Drone registration, reusing first stages
By Uday J. Shankar, Lesley A. Weitz and John G. Reed|November 28, 2017
The Guidance, Navigation and Control Technical Committee advances techniques, devices and systems for guiding and commanding flight vehicles.
The guidance, navigation and control field had an eventful year, covering all aspects of aerospace engineering.
In August and September, unmanned aerial systems recorded images of the damage and the state of infrastructure in Texas in the aftermath of Hurricane Harvey. The Texas A&M University, Corpus Christi, drone team worked with local authorities and with the FAA’s permission to fly UAS over areas affected by the hurricane. Privately owned drones pose risks to military and civilian assets during rescue efforts when users violate FAA-issued temporary flight restrictions. Since June 2016, all small-drone users had been required to register their UAS. However, that changed in May when a federal court ruled some hobbyists didn’t need to register their drones.
In January, NASA signed an agreement to transition UAS Traffic Management research to the FAA in 2020. NASA has been working on the UTM concept since 2014.
The past year has also been eventful for launch vehicles. The guidance, navigation and control systems on SpaceX vehicles enabled the reuse of a Falcon 9 booster in March and a Dragon spacecraft in June — firsts for both systems. SpaceX also reused Falcon 9 boosters in June and October. On the small launch vehicle side, California-based Rocket Labs demonstrated its low-cost guidance, navigation and control systems with its Electron launch vehicle’s flight to space in May. Those systems performed nominally, until a ground system fault resulted in flight termination. In June, India launched its Geosynchronous Launch Vehicle Mark III rocket, capable of taking 4 tons to geostationary transfer orbit. On the heavy side, in March, Blue Origin announced the development of its reusable New Glenn rocket.
Development of next-generation systems continued worldwide. United Launch Alliance tweeted about progress on the Vulcan rocket. The European Space Agency in July reported progress toward a requirements review in 2018 for the Ariane 6 rocket. The U.S. military awarded Boeing a contract in May for its Phantom Express spaceplane. And in September, Elon Musk gave an update on SpaceX’s Interplanetary Transport System design at the International Astronautical Federation.
Several systems met milestones in 2017. The Interim Cryogenic Propulsion Stage for NASA’s Space Launch System was delivered to NASA’s Space Station Processing Facility at the Kennedy Space Center in July. Lockheed Martin powered up the Orion spacecraft for the first time Aug. 22 at Kennedy.
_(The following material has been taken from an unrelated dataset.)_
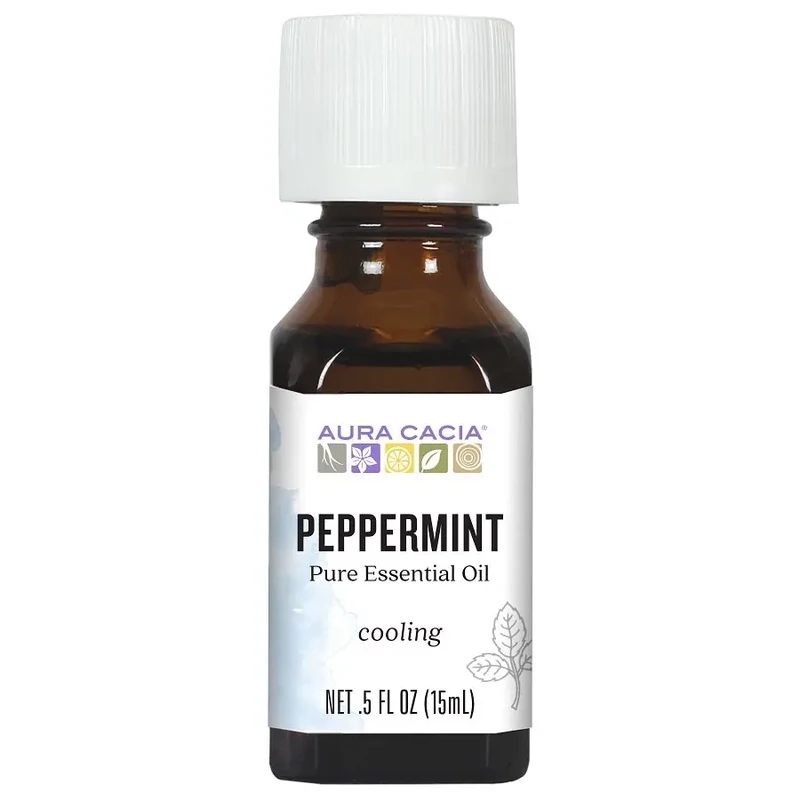 AURA CACIA Peppermint Essential Oil .5 Fl. Oz.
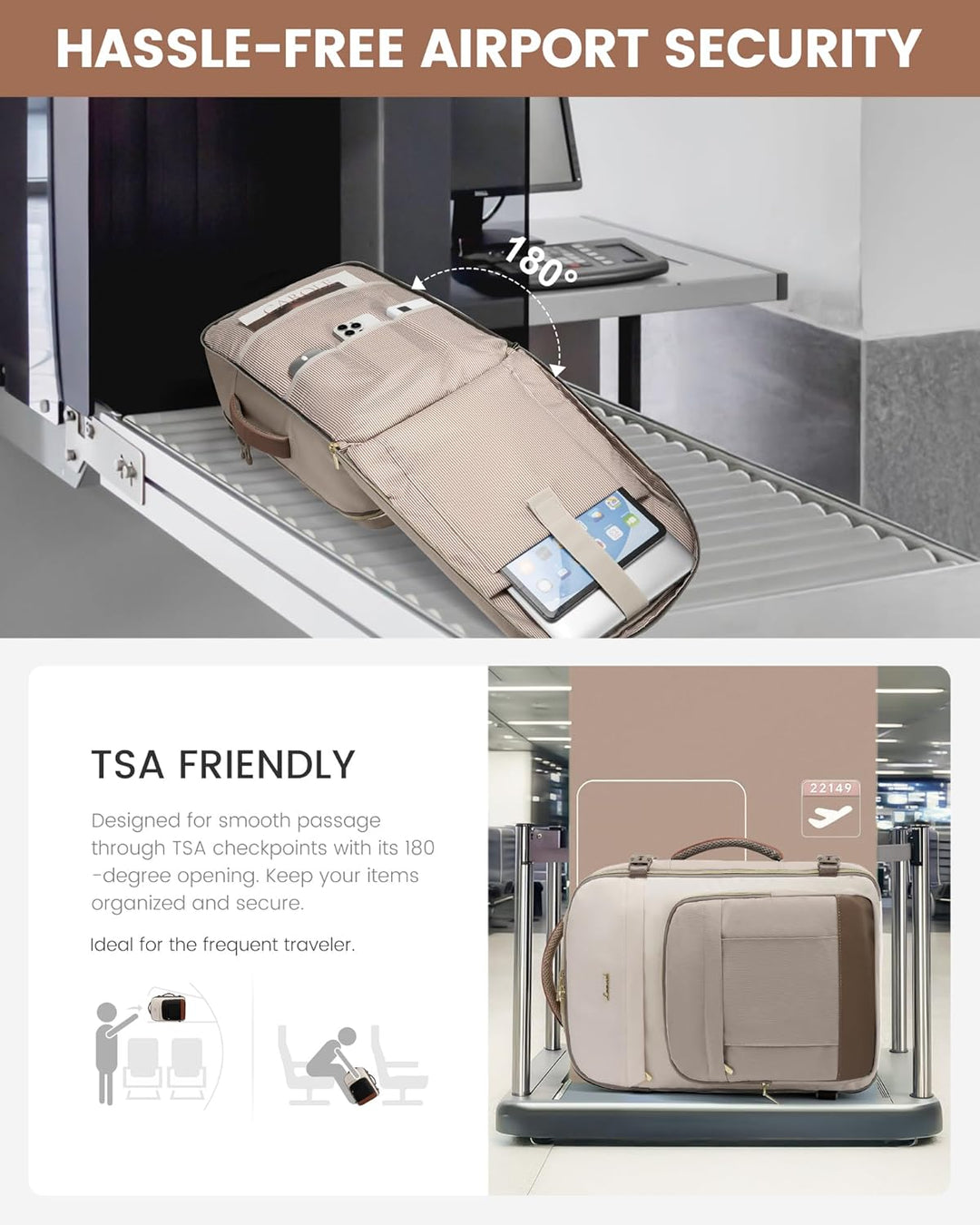 LOVEVOOK Mochila de viaje de 50L para mujeres y hombres, mochila de...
An era ended as Russia retired the Soyuz-U launch vehicle in February after more than 785 missions. On Sept. 15, NASA’s Cassini plunged into Saturn’s atmosphere, with the guidance, navigation and control system keeping the antenna pointed toward Earth. Launched 20 years ago, Cassini had orbited Saturn more than 290 times.
Finally, NASA’s Langley Research Center celebrated its 100th anniversary July 17. Langley has long been at the forefront of aircraft control systems, and the U.S. space program was born there. Stabilization, guidance and control systems considerations led to the now-famous shuttlecock-shaped design for the first U.S. space capsules. Early concepts for the space shuttle were designed and tested at Langley. The center is also home to NASA’s Engineering and Safety Center, which investigates engineering aspects of all aerospace failures. In September, Langley opened the Katherine G. Johnson Computational Research Facility, named in honor of the black female mathematician who, among other accomplishments, calculated astronaut Alan Shepard’s flight trajectory in 1961. She was also one of the subjects of the book and film “Hidden Figures.”